WHAT THIS TASK INVOLVES: Pick every line out of the entries below that holds the string "Hyundai", and report them.

Records from a data collection
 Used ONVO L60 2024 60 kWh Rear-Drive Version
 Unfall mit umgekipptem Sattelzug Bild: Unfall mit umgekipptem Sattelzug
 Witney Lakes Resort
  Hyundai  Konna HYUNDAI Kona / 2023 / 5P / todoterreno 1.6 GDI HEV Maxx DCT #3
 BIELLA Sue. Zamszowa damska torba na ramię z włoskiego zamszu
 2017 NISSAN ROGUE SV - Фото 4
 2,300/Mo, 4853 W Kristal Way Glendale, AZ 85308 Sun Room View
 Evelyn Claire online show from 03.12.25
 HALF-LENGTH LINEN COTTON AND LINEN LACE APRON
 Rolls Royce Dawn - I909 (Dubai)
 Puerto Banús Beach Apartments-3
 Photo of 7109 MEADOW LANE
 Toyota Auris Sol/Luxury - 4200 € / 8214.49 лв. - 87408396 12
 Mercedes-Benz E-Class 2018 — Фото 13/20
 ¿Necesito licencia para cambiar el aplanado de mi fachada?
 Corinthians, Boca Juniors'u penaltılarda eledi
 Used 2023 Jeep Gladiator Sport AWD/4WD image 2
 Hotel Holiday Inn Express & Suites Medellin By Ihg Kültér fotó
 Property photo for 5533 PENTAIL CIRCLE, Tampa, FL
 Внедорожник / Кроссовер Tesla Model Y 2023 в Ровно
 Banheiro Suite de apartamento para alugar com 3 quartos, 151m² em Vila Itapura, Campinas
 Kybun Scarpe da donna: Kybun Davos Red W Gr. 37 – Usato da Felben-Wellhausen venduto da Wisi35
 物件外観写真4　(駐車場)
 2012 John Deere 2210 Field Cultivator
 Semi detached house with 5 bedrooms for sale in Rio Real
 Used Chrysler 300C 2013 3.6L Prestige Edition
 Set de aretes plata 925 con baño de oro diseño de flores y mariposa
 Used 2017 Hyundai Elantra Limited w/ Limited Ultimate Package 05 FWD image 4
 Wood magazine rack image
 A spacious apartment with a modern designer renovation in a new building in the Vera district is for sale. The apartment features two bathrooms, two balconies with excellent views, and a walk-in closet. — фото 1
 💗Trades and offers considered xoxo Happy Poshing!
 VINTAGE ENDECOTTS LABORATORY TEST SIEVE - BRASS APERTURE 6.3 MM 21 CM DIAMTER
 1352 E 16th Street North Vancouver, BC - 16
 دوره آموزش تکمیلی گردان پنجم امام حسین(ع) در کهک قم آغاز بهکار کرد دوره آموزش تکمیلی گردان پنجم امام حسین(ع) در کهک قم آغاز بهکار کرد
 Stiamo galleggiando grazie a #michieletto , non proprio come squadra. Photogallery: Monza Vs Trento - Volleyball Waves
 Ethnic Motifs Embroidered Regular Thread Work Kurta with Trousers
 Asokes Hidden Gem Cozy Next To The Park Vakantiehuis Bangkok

TASK RESPONSE:
  Hyundai  Konna HYUNDAI Kona / 2023 / 5P / todoterreno 1.6 GDI HEV Maxx DCT #3
 Used 2017 Hyundai Elantra Limited w/ Limited Ultimate Package 05 FWD image 4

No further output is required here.